Plainly, ‘gender marketing’ is a problem for some, but in the scale of things it’s at the bottom of what I would see as the real problems.

6 Comments

  • whyisitso says:

    I do find the situation about TG children quite interesting. I suppose each case is different, but I’ve often wondered whether their situation is entirely emotional/psychological or part physical also.

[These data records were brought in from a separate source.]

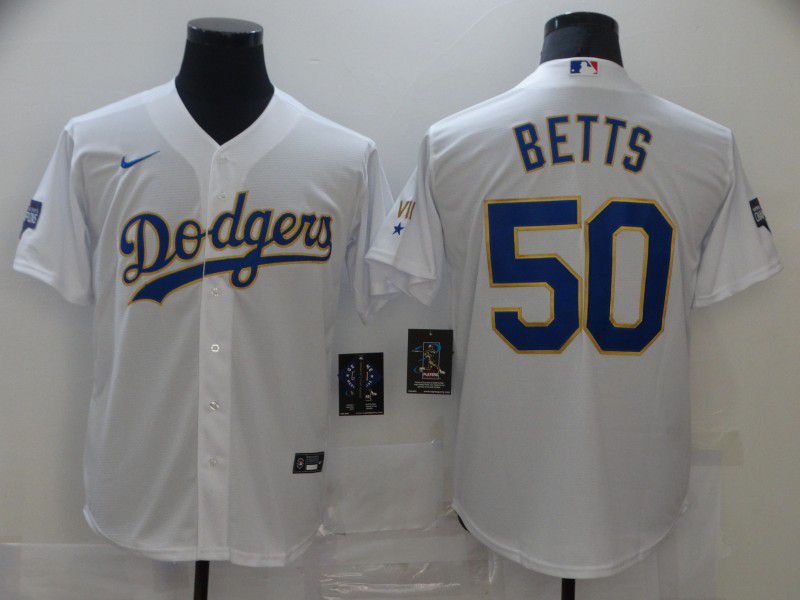 Men Los Angeles Dodgers #50 Betts White Game 2021 Nike MLB Jersey1->los angeles dodgers->MLB Jersey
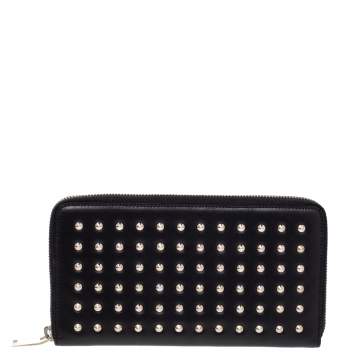 Pre Owned  Saint Laurent Black Studded Leather Wallet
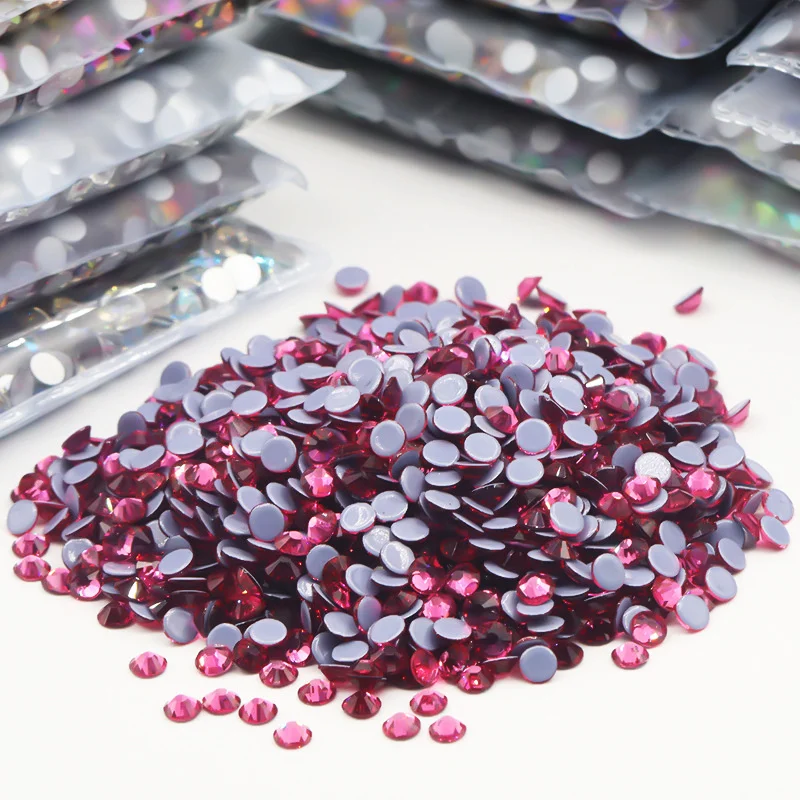 SS6-SS30 Glass Flatback Rhinestone Glitter Crystal AB Iron On Diamond Hotfix For Clothes Decoration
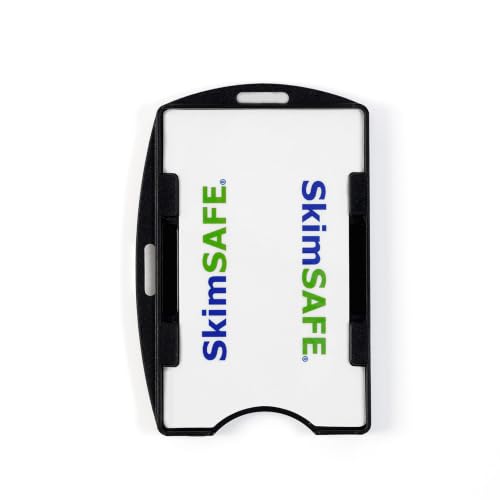 Bulk 50 Pack - RFID Blocking ID Badge Holder (Holds 2 Cards) - SkimSAFE - Dual Sided Shield Blocks 13.56MHz Radio Signal - Specialist ID (Black)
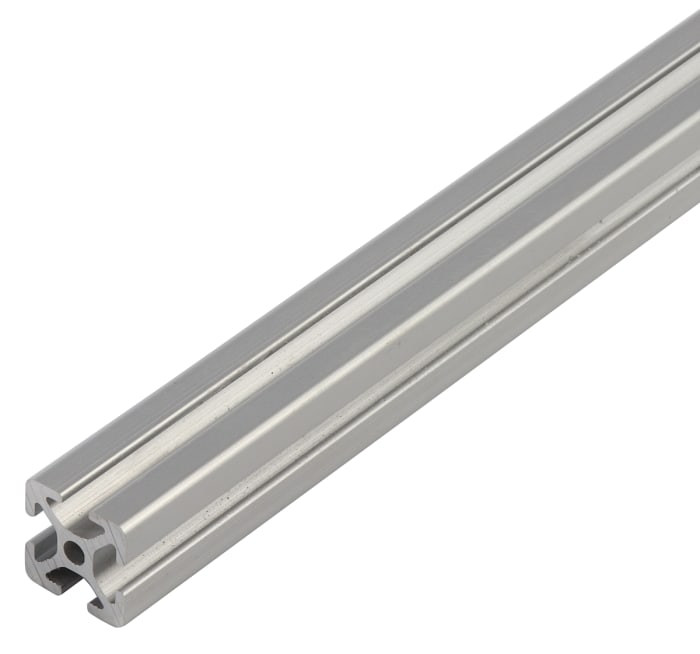 RS PRO Silver Aluminium Profile Strut, 20 x 20 mm, 5mm Groove, 1000mm Length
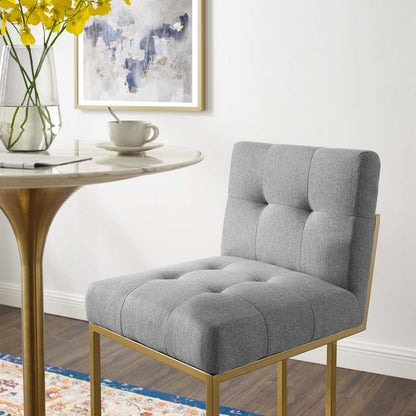 Privy Gold Stainless Steel Upholstered Fabric Bar Stool, Fabric, Metal Steel, Gold Light Grey Gray, 18599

    For example a person born a girl must have looked female anatomically when born, and while I can visualise the reverse situation, I have wondered how a person born without male genitals can function as a male. I guess in the same way male priests and other religious who make a vow of celibacy?

  • Doug Hurst says:

    On a lighter note, I see a letter in today’s Oz from a lady who has decided to stop her daughters wearing green lest it encourage Green Thought like No Gender clothes. Very tongue in cheek.

  • kvd says:

    Well, according to the Petersburg Progress newspaper of Virginia, Febuary 1953:

    Migotry is cliionic dogmatism HORACK Higotry is
    an obstinate and reasoning attachment to onesown beliefand opinions as to
    politics or morals Dogmatism is posilive ness of assertion in matters of
    opinion as if ihe belief were a mat ter of fact about which there could he no
    argument When Horace called bigotry chronic do potism he was thinking of an un
    warranted arrogancy which had become continuous and habitual Tin bigoted
    dogmatist is so oh AMAZ1NO PAZO ACTS TO RELIEVEPAIN or SIMM PILES INSTANTLY
    Spfrd amaziiiK relief from misery of simple piles woihing Acis to relieve pain
    icchihg inxlantly Lubricates dry haidenucl Helps prevent crarking reduce
    swelling

    So you are saying that you were inaccurately typecast as migoted 🙂

    ps: good luck with the dry haidenucl and crarking.

  • DaveW says:

    I can remember having to use the handle of a broken croquet racket as my ‘rifle’ when 8 or 9 and playing ‘army’. My parents did buy me cap pistols when younger, but seemed to balk at play machine guns. No matter, the crocket racket killed as many enemy as any plastic machine gun could have. The most violent thing we were allowed to watch on tv was ‘Lassie’, but I do remember sneaking to the top of the stairs to watch ‘Gunsmoke’ behind my parents’ backs. Possibly these traumatic gender experiences turned me into a peacenik anti-war demonstrator during Vietnam or possibly it was a dysfunctional Pentagon, Robert McNamara, and Tricky Dicky that pushed me over the edge.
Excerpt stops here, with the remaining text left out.